For Craft Week on BTR, staff writer Jordan Reisman discusses the Jersey-centric musical trope of millionaire rock stars who appeal to the ‘everyman’ in their songs.
One of my favorite all-time pop music tropes is the “everyman” perspective employed most famously by Bruce Springsteen and the E-Street Band. The overall essence of this concept is that the musician is “just like you”, when in reality he/she lives in a plane of existence that most of us can’t even conceive of. As rock stars become less and less apparent, and a sustainable career as a musician becomes harder to achieve, the glamorization of the rock star lifestyle has waned.
A shining example of a song taking a page from the school of the everyman is Bon Jovi’s 2005 single, “Who Says You Can’t Go Home”, specifically the version with Jennifer Nettles of the country duo Sugarland. The song is has a simple four-or-so chord structure featuring the use of fiddle and slide guitar, to give some real country authenticity (interpret that how you will).
“Who Says You Can’t Go Home” is a tribute to each of Bon Jovi’s and Nettles’ hometowns (Sayreville, NJ and Douglas, Ga., respectively) without getting into the specifics about those actual towns, even though everyone and their mother knows that Bon Jovi is a Jersey boy. While the two singers don’t actually give shout outs to their places of origin, what they do in this song is present the idea of the hometown. If you’re from a small community, you’ll have no problem listing the things that makes it a “small town.” Common answers are: everyone knows everyone, small population, feelings of “wanting to get out of this place” (in fact, just calling the town ‘this place’ says something), and things being geographically close together.

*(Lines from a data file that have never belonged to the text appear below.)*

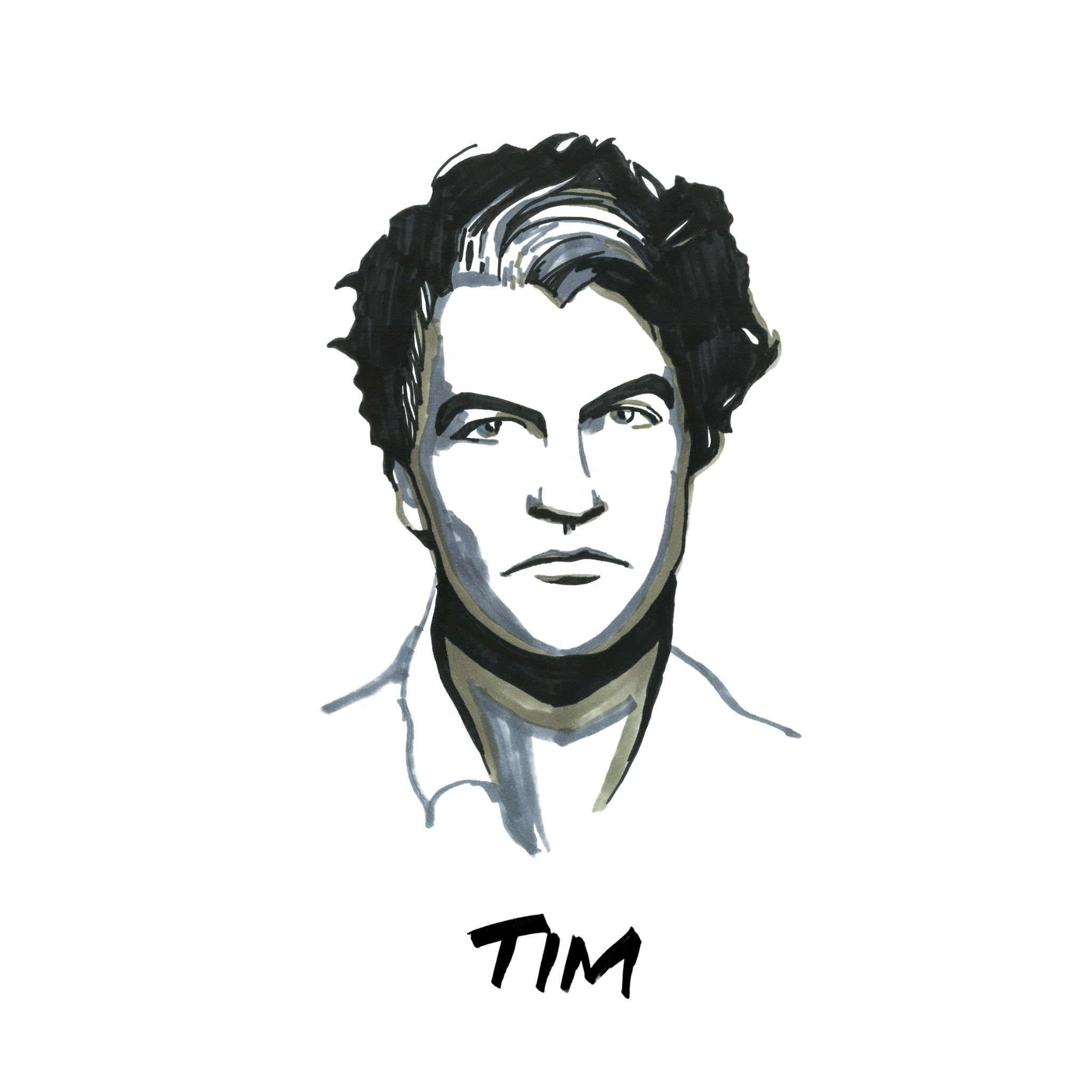 Tim Finn original drawing. ©High Tees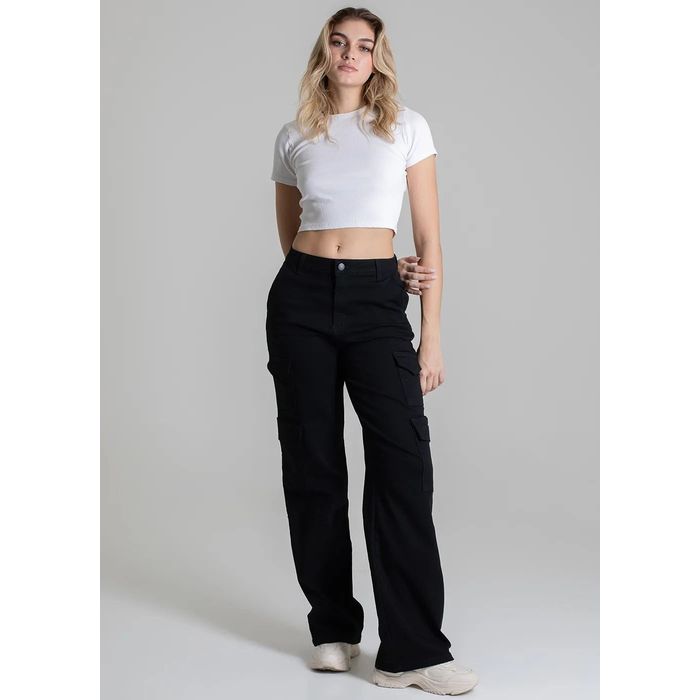 Calça Jeans Sawary Cargo Feminino Cor Preto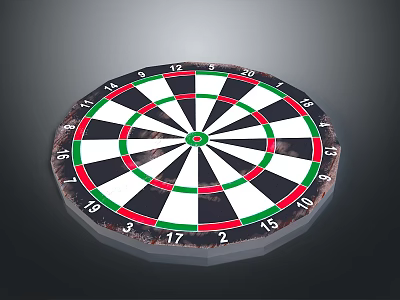 Darts As Weapon Featuring Circular Target Board With Colorful Design And Numbered Sections 3d model
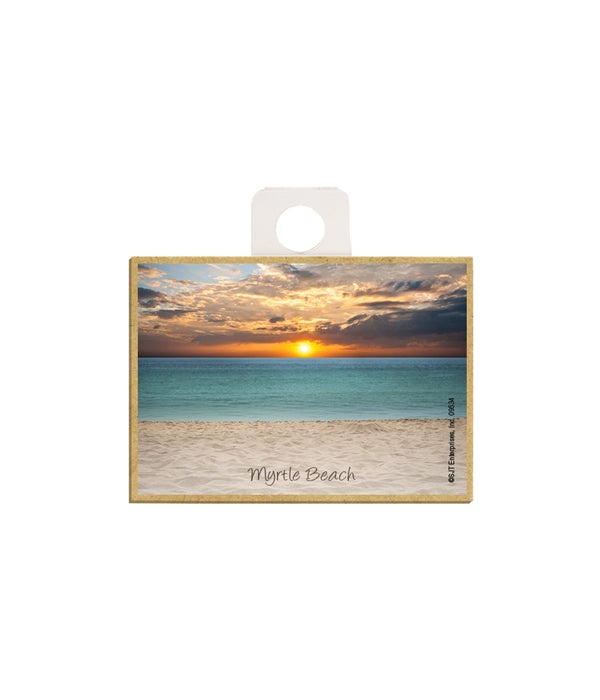 sunset over teal-colored ocean & beach  2.5 x 3.5 wooden magnet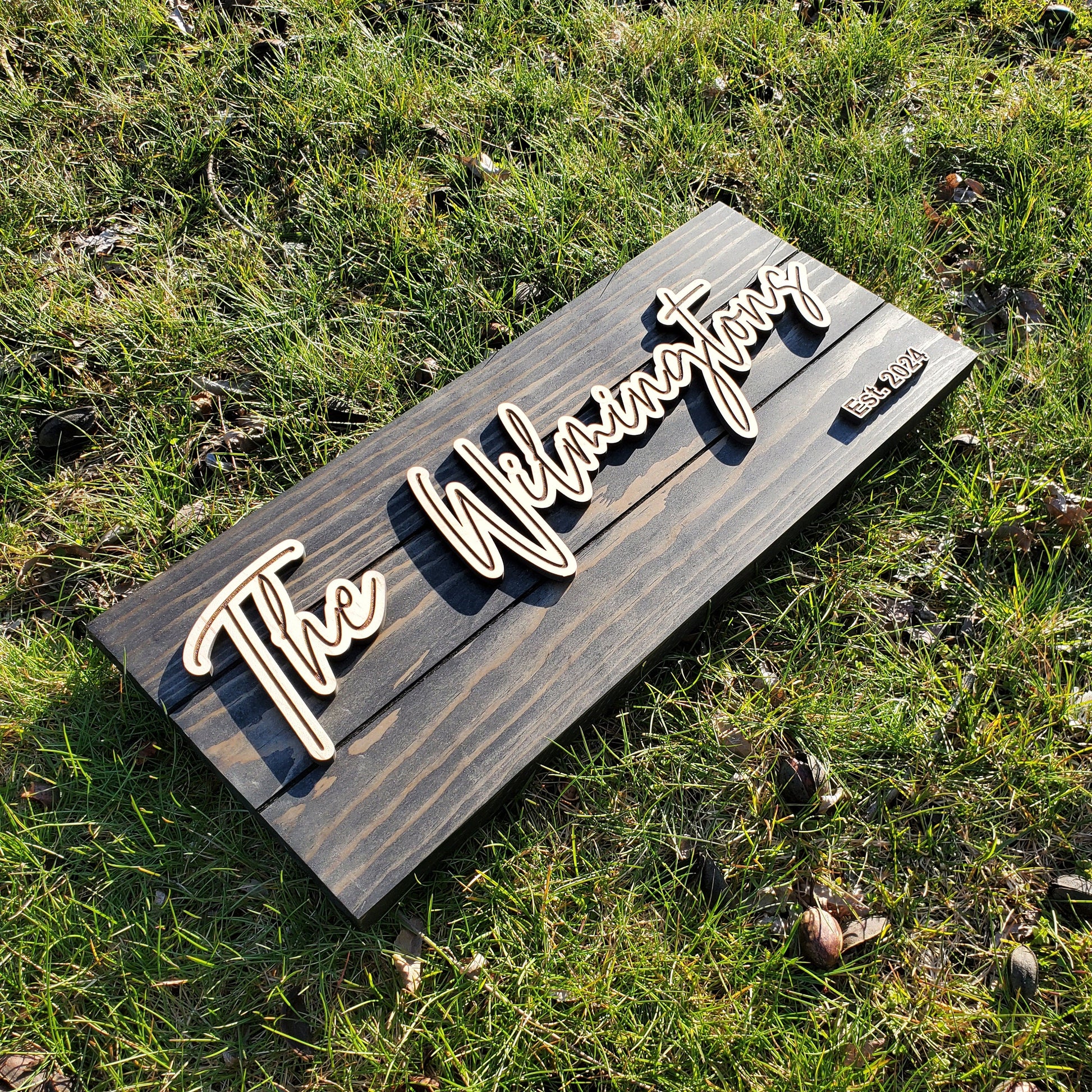 Custom Wood Sign | Established Sign | Family Last Name Sign | Custom Wood Sign | 3D Laser Cut Sign | Wedding Gift | Wood Signs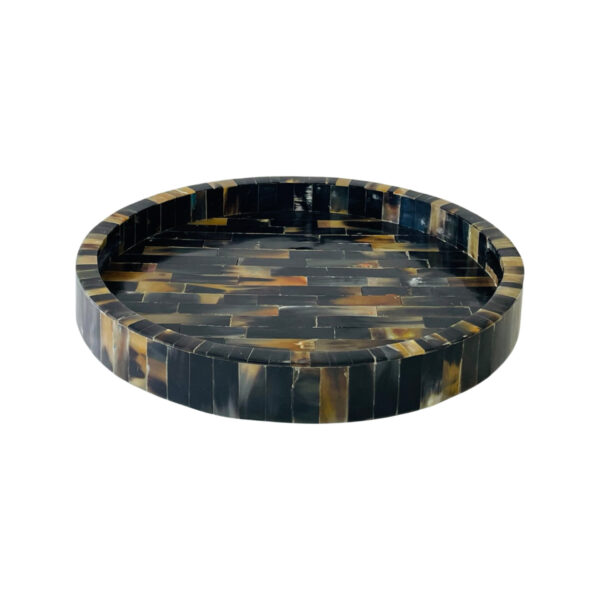 Horn Round Tray |  Handcrafted Black Round Tray | Stylish & Functional - Image 2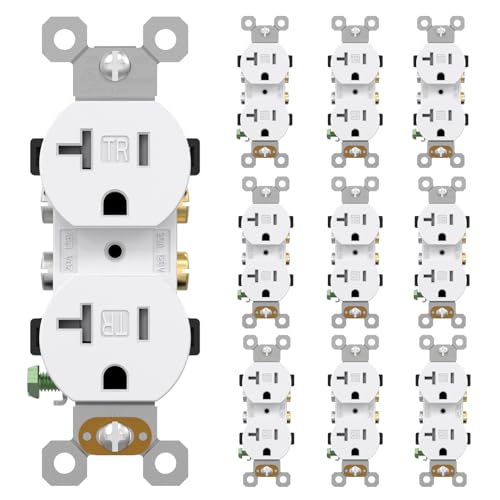 AIDA 20 Amp Outlet Duplex Electrical Receptacle Outlets,Power Outlet,Tamper Resistant,Heavy-Duty Receptacle Wall Outlet,Residential,2Pole,3-Wire, Self-Grounding Clip, NEMA 5-20R,UL Listed 10 Pack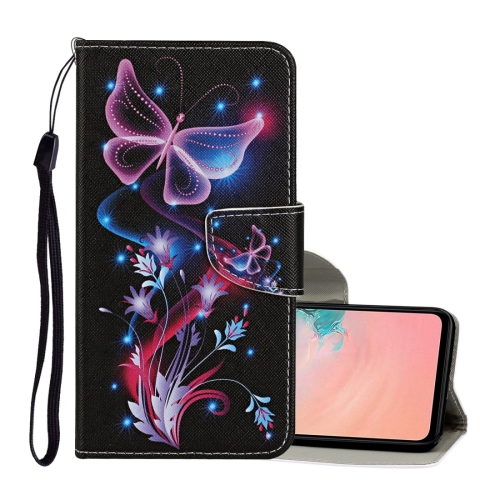 

For Samsung Galaxy A12 Colored Drawing Pattern Horizontal Flip Leather Case with Holder & Card Slots & Wallet & Lanyard(Fluorescent Butterfly)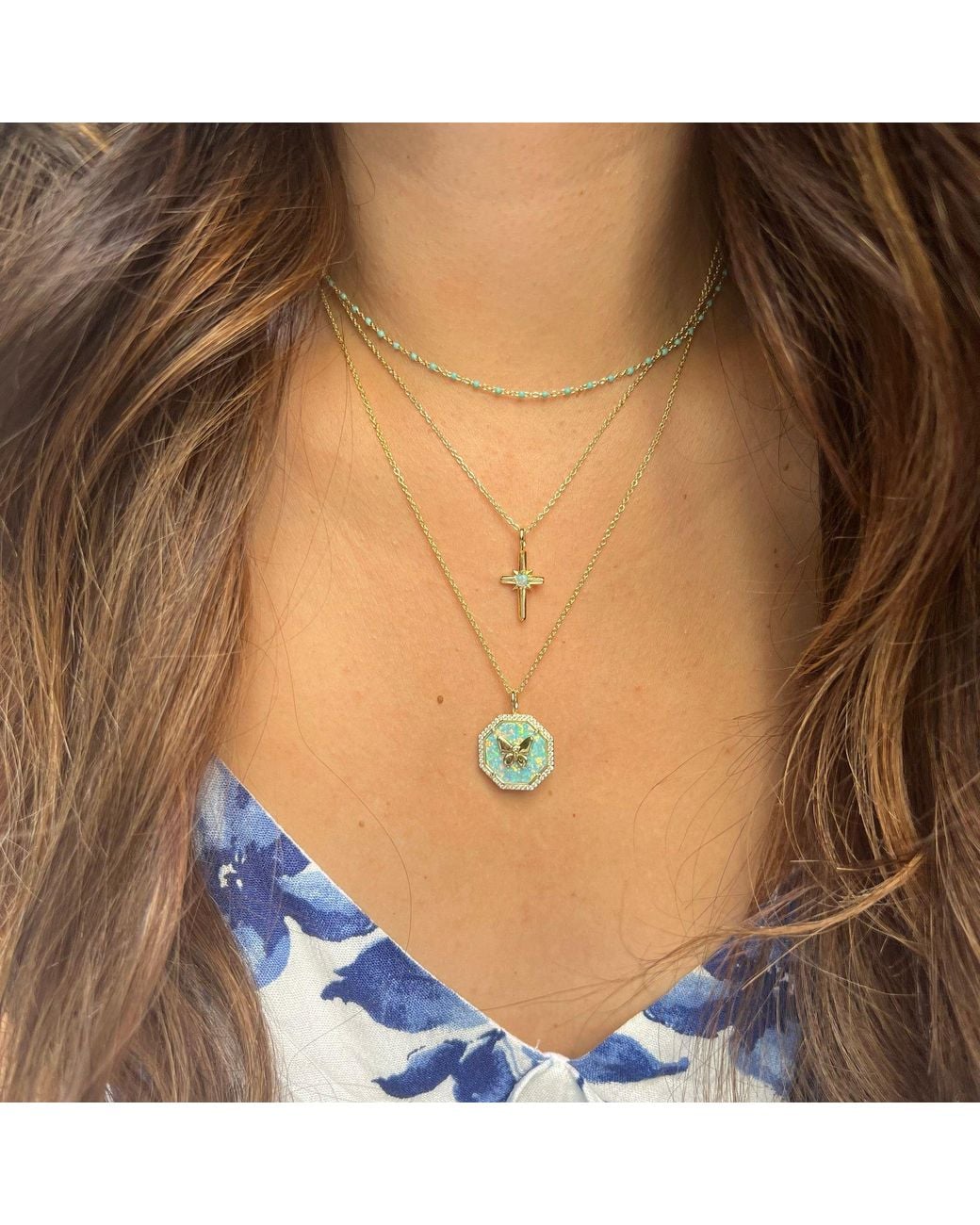 KAMARIA Metallic Opal Cross Charm Necklace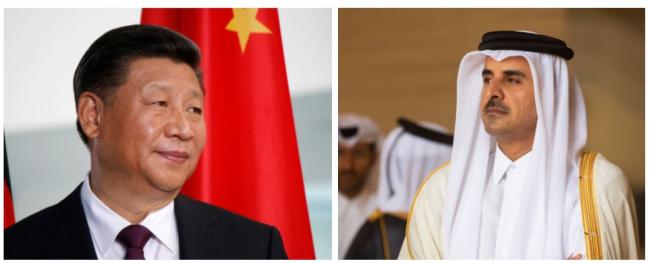Le président chinois, Xi Jinping et l’émir du Qatar, le Cheikh Tamim ben Hamad Al Thani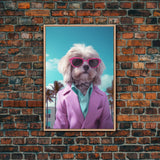 Shih Tzu Wall Print, Dog Wall Art, Dog Sunglasses, Pink Teal Suit, Funny Wall Art, Framed Wall Art, Framed Canvas, Wall Print, Wall Canvas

Bon Jovi nails this sentiment on the head. The first verse includes the lines, “I spent 20 years trying to get out of this place/I was looking for something I couldn’t replace/I was running away from the only thing I’ve ever known.” He makes sure to open with the all too common feeling of, “This place is too small, I need something more!” that most of us have when we’re teenagers. However, he peppers in a bit of wisdom with, “the only thing I’ve ever known,” as if to say that the thing that he was running away from was that the thing that made him who he was.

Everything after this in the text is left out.